[WHAT THE TASK REQUIRES]
Repeat all the lines below exactly, but omit the pictures.

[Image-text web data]
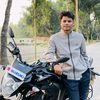 himel_islam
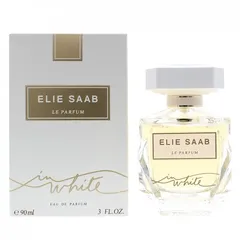  7 عطر فرنسي للنساء والرجال
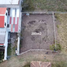  Land for sale in Ricaurte, Azuay, Ricaurte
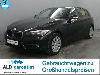 BMW 116d EfficientDyn Edition 5-trig,Navi,AAC,SHZ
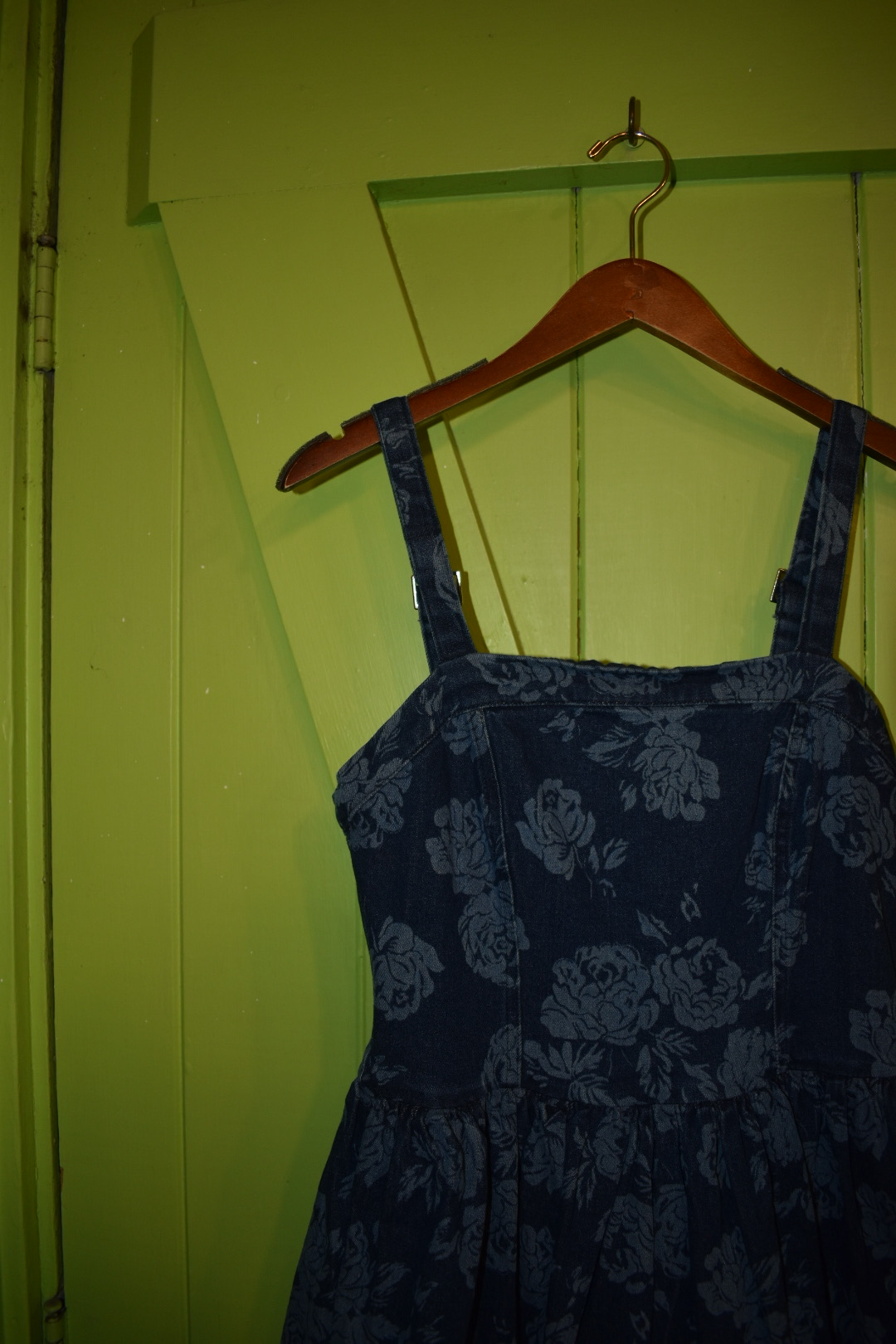 Personal touches at PappaGallo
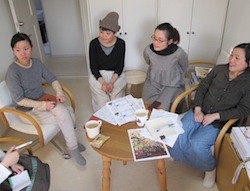 120127staff01.jpg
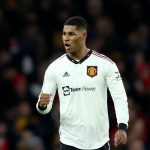 Babak Baru Marcus Rashford: Memilih Bertahan di Manchester United Demi Pembuktian Diri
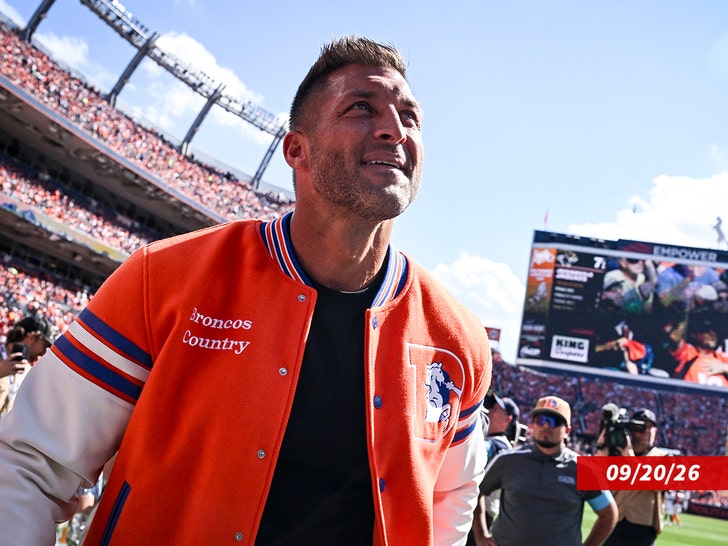 tim-tebow-getty-1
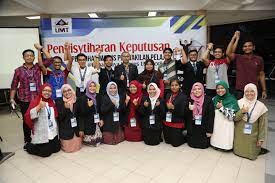 Detect language english german french italian spanish. Khidmat Ahli Akademi Pilihanraya Apr Suruhanjaya Pilihanraya Untuk Prk Umt Sesi 2018 2019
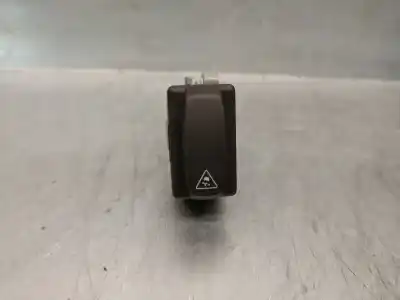 Автозапчасти б/у выключатель за renault modus / grand modus (f/jp0_) 1.5 dci 90 ссылки oem iam 8200107843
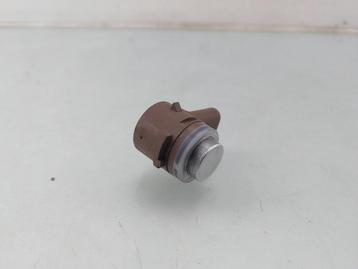 PARKEERSENSOR Mercedes-Benz Vito (447.6) (|A0009055604|) beschikbaar voor biedingen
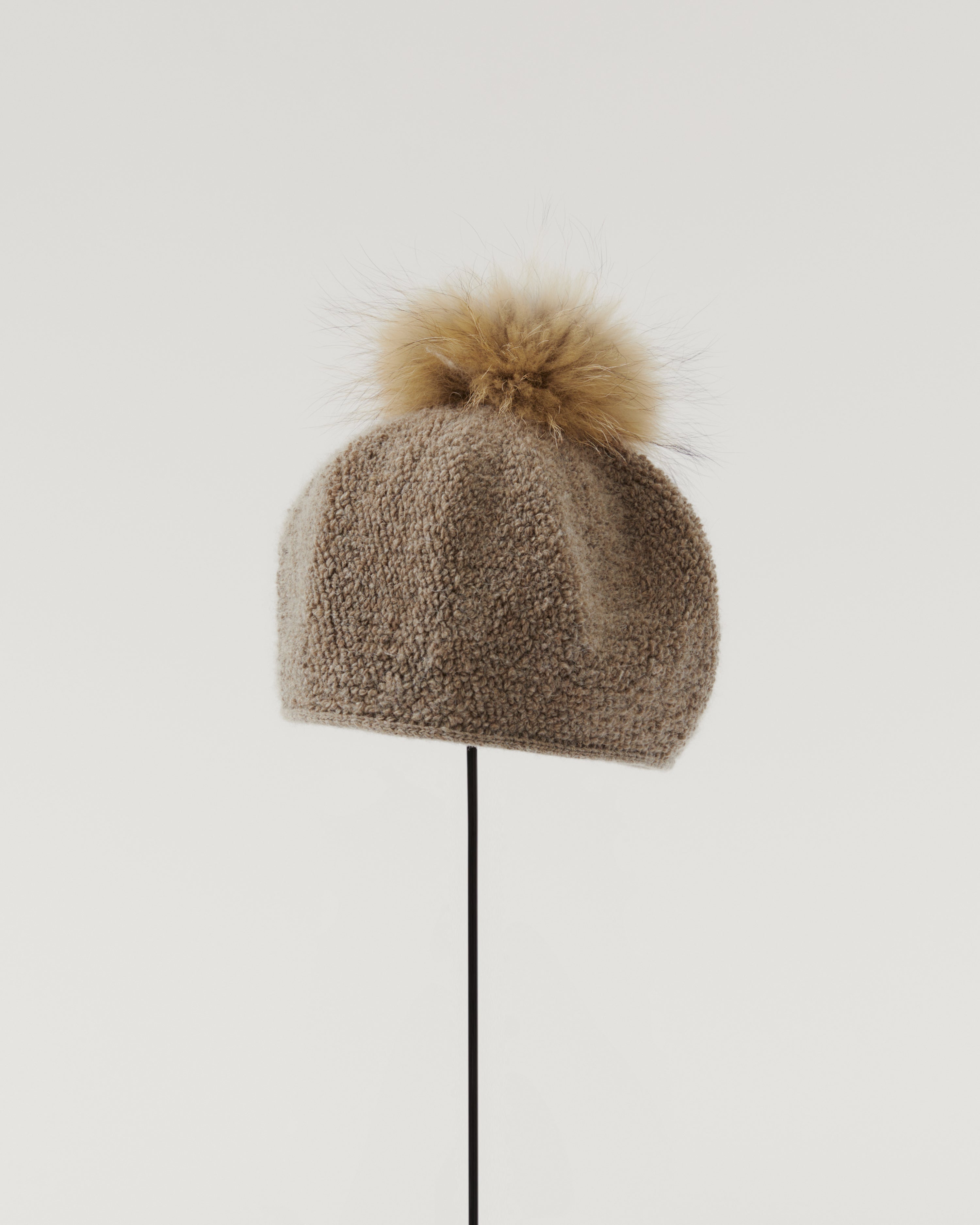 エロディービーニー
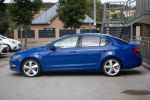 Škoda Octavia 2018 na predaj – fotografia 8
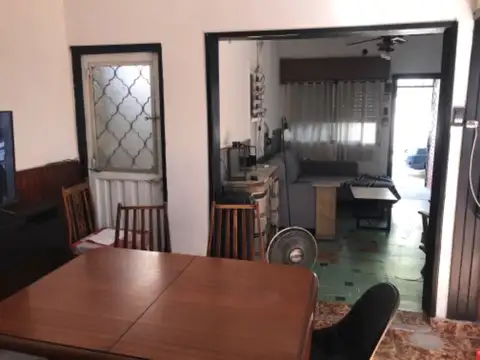 Casa en Venta en Sarandi, USD 68.000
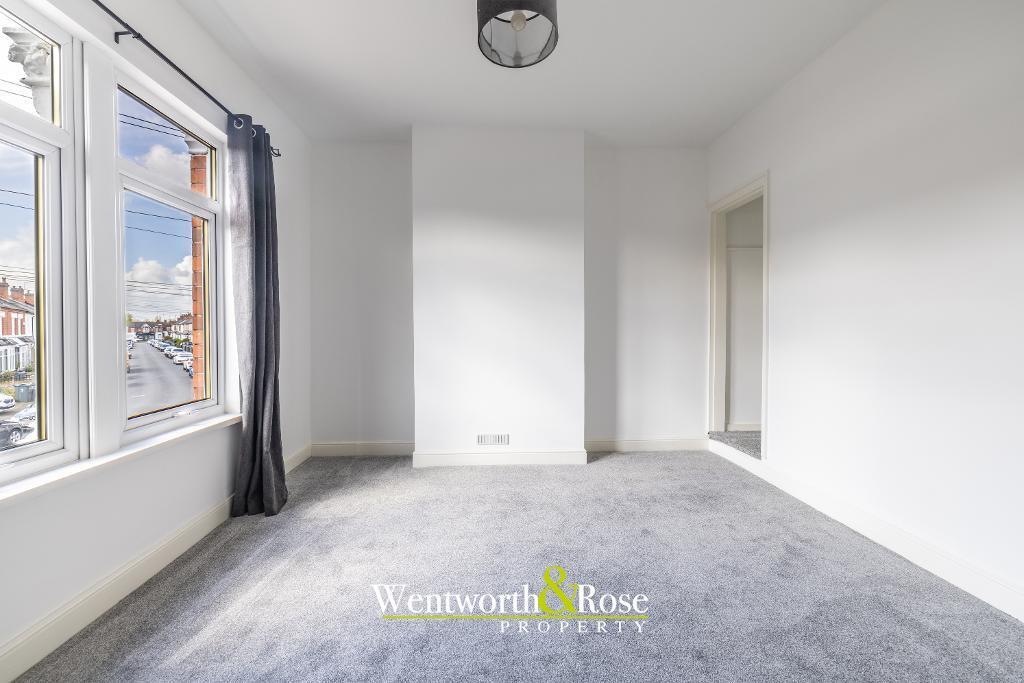 Additional image 13 of Hampton Court Road, Birmingham, B17 9AG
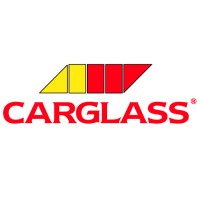 Carglass® Russia logo - Similar company to Carglass® Finland
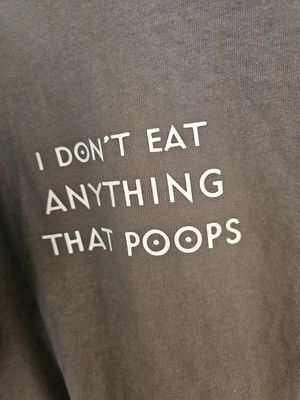 Live and love it!! at Loving Hut - Glendale in Glendale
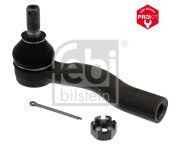 43159 Hlava příčného táhla řízení ProKit FEBI BILSTEIN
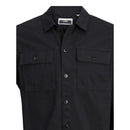 79601_8936_0|91944e9ebb4a40a3dd825a6e016a2e53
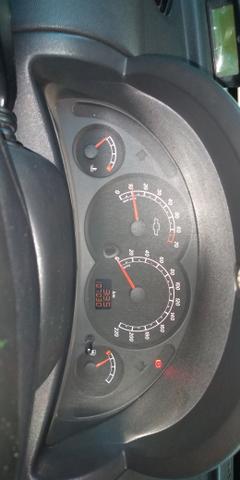 Corsa max 1,4 - Foto 5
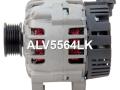 9635772880, SG10B021, A002TB4891A, 57052C, LRB00438, 9642880480, ALV1564CY, A002TB2291, A002TB2291A, A002TB4891, A002TB4891B, A002TB4891C, A13VI204, A2TB2291, A2TB2291A, A2TB4891, A2TB4891B, ALM1564NW, ALT7228, ALV1564DD, ALV1564LK, ALV1564RB, ALV1564UX, ALV1564WA, ALV5564LK, CA1564IR, CAL15160GS, DRB2091, MQA1564, RAA23102, 57054W, 0986042081, 11203337, 112480, 210016, 210205, 21444N, 2542489, 2542922, 27054Y, 301N21039Z, 437139, 439248, 57054U, 063731564010, 57054X, 5705FV, 71716609, 71718905, 746015, 8EL737825001, 943358378010, 944358378010, 944390420910, 9622410580, 9623727380, 9623727880, MRA83780MG356 Генератор Citroen Berlingo 1 restailing 2005г. - фото №6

[WRITTEN ANSWER]
 himel_islam
  7 عطر فرنسي للنساء والرجال
  Land for sale in Ricaurte, Azuay, Ricaurte
 BMW 116d EfficientDyn Edition 5-trig,Navi,AAC,SHZ
 Personal touches at PappaGallo
 120127staff01.jpg
 Babak Baru Marcus Rashford: Memilih Bertahan di Manchester United Demi Pembuktian Diri
 tim-tebow-getty-1
 Detect language english german french italian spanish. Khidmat Ahli Akademi Pilihanraya Apr Suruhanjaya Pilihanraya Untuk Prk Umt Sesi 2018 2019
 Автозапчасти б/у выключатель за renault modus / grand modus (f/jp0_) 1.5 dci 90 ссылки oem iam 8200107843
 PARKEERSENSOR Mercedes-Benz Vito (447.6) (|A0009055604|) beschikbaar voor biedingen
 エロディービーニー
 Škoda Octavia 2018 na predaj – fotografia 8
 Casa en Venta en Sarandi, USD 68.000
 Additional image 13 of Hampton Court Road, Birmingham, B17 9AG
 Carglass® Russia logo - Similar company to Carglass® Finland
 Live and love it!! at Loving Hut - Glendale in Glendale
 43159 Hlava příčného táhla řízení ProKit FEBI BILSTEIN
 79601_8936_0|91944e9ebb4a40a3dd825a6e016a2e53
 Corsa max 1,4 - Foto 5
 9635772880, SG10B021, A002TB4891A, 57052C, LRB00438, 9642880480, ALV1564CY, A002TB2291, A002TB2291A, A002TB4891, A002TB4891B, A002TB4891C, A13VI204, A2TB2291, A2TB2291A, A2TB4891, A2TB4891B, ALM1564NW, ALT7228, ALV1564DD, ALV1564LK, ALV1564RB, ALV1564UX, ALV1564WA, ALV5564LK, CA1564IR, CAL15160GS, DRB2091, MQA1564, RAA23102, 57054W, 0986042081, 11203337, 112480, 210016, 210205, 21444N, 2542489, 2542922, 27054Y, 301N21039Z, 437139, 439248, 57054U, 063731564010, 57054X, 5705FV, 71716609, 71718905, 746015, 8EL737825001, 943358378010, 944358378010, 944390420910, 9622410580, 9623727380, 9623727880, MRA83780MG356 Генератор Citroen Berlingo 1 restailing 2005г. - фото №6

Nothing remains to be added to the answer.